[slurm-users] Graphing job metrics

Tue Nov 14 05:33:32 MST 2017

Hi there,

Le 13/11/2017 à 18:18, Nicholas McCollum a écrit :
> Now that there is a slurm-users mailing list, I thought I would share
> something with the community that I have been working on to see if anyone else
> is interested in it.  I have a lot of students on my cluster and I really
> wanted a way to show my users how efficient their jobs are, or let them know
> that they are wasting resources.
> 
> I created a few scripts that leverage Graphite and whisper databases (RRD like)
> to gather metrics from Slurm jobs running in cgroups.  The resolution for the
> metrics is defined by the retention interval that you specify in graphite.  In
> my case I can store 1 minute metrics for CPU usage and Memory usage for the
> entire lifetime of a job.

FWIW, we wrote at EDF a collectd[1] plugin some time ago that does 
basically the same thing, ie. exploring the cgroups to get cpu/memory 
metrics out of jobs' processes.
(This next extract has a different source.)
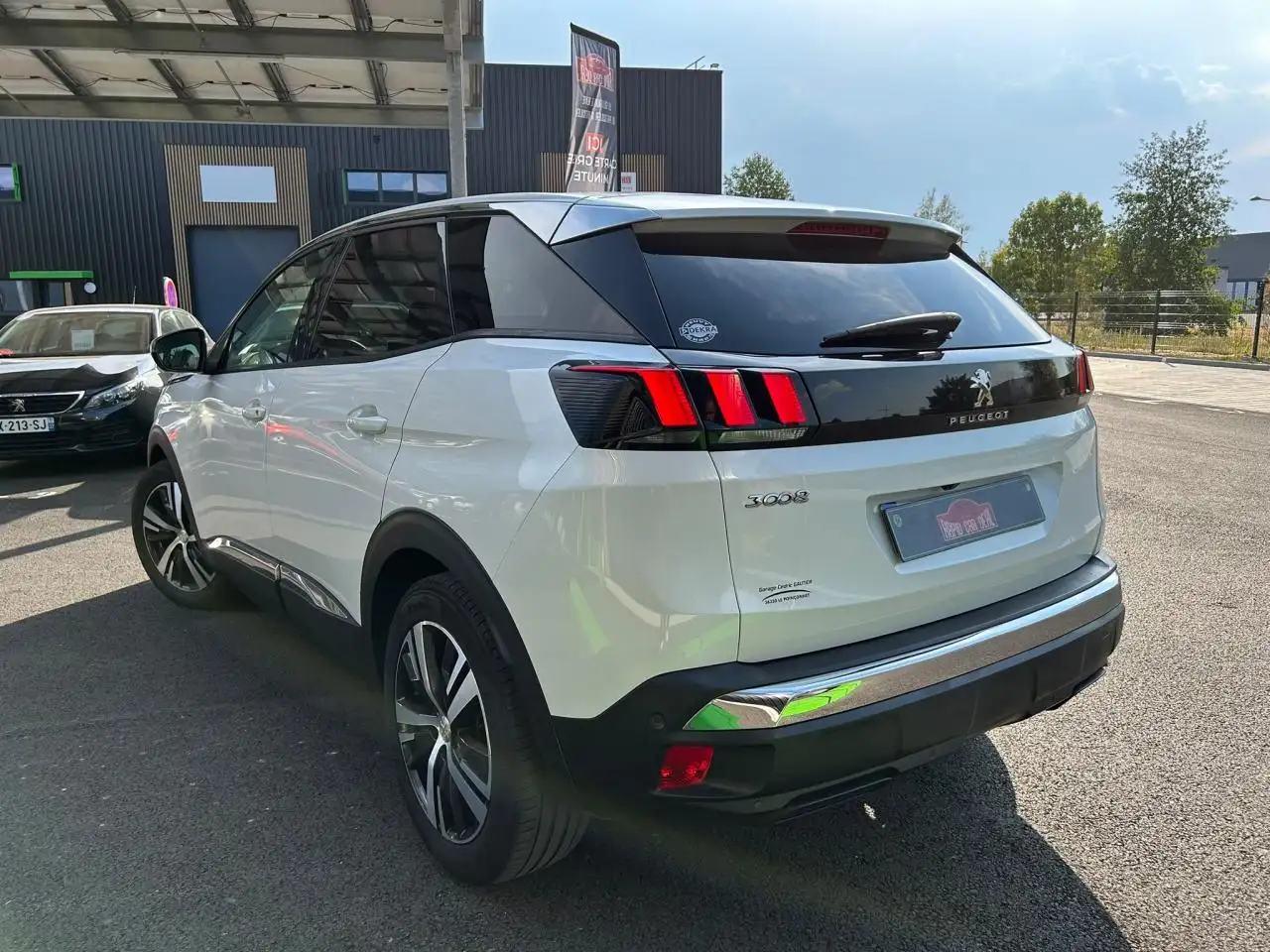 Peugeot 3008 3008 — photo 6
Code is here:

   https://github.com/collectd/collectd/pull/1198

Then, you gain all collectd flexibility in terms of metrics processing 
and backends (graphite, RRD, influxdb, and so on).

We also wrote a tiny web interface to visualize the metrics. One can 
find out more by searching 'jobmetrics' in the following slides:

   https://slurm.schedmd.com/SLUG16/EDF.pdf

NB: my intent is just to share, not to steal the thread. Please forgive 
me if you take it the wrong way.

Best,
Rémi

[1] https://collectd.org/